Breathtaking views of Welsh mountains, Rest Bay and the Bristol Channel can be seen from this old links course, which was founded in 1922 and originally designed by Harry Colt. Nine holes were commandeered by the military during World War II, but after the war, it was decided to extend the course to 18 holes once again. With great foresight, some wild linksland was identified, which lay closer to the sea. Philip Mackenzie Ross (the architect behind Southerness) was asked to design the new holes…and what a job he made of it. Colt’s front nine is solid enough, but Mackenzie Ross’s back nine, routed through the dunes, is simply outstanding.
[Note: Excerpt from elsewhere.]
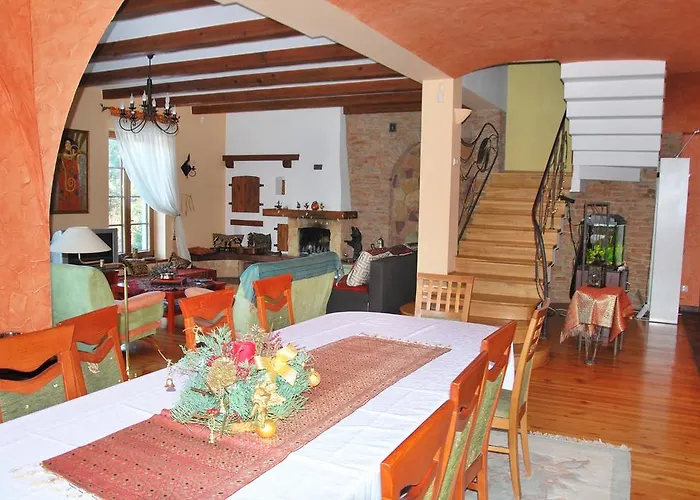 Pensjonacik Ogrody Guest house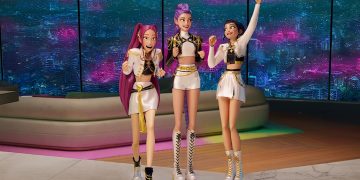 넷플릭스 ‘K팝 데몬 헌터스’ 특별 이벤트, 북미 극장서 8월 23~24일 단 이틀 상영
Unusually for a links course, Pyle and Kenfig is laid out in two loops of nine. The original front nine is where to make a score because the back nine is a very stiff test, especially when the wind is up. The 11th hole, a 525-yard par five known as the Valley Hole, is where the dunes come in to play – from here on in, it’s sheer entertainment. Drink in the view from the 14th tee, a 416-yard par four – the panorama towards the Gower Peninsula is stunning. Pyle & Kenfig’s last three holes (all long par fours) are amongst the best closing holes in golf. They will severely test the mettle of the very best golfers.
Solid driving is key to a good round at Pyle and Kenfig. If you can avoid the trouble and find the fairways, scoring well will be a real possibility. From the regular tees, the course measures a lowly 6,122 yards against a par of 71. Step back onto the medal tees and it’s a different proposition – 6,728 yards and the par is still 71. The club has hosted a number of important events, including the Amateur Championship in 2002 (with Royal Porthcawl) and the Girls Home Internationals in 2003. Additionally, in 2006, the club played host to the Men's Home Internationals when Scotland emerged victorious.
Good shot making will be rewarded at Pyle and Kenfig - it’s a fair golf course without any unforeseen tricks up its sleeve and the holes routed through the dunes are alone worthy of the green fee.
Unusually for a links course Pyle & Kenfig is laid out in two loops of nine holes. Even more unusual is the fact that the club has 23 holes. Five additional holes were added in 1983, largely designed by members. These holes are used to rest holes 11-15 in the winter months, and for use by the junior academy.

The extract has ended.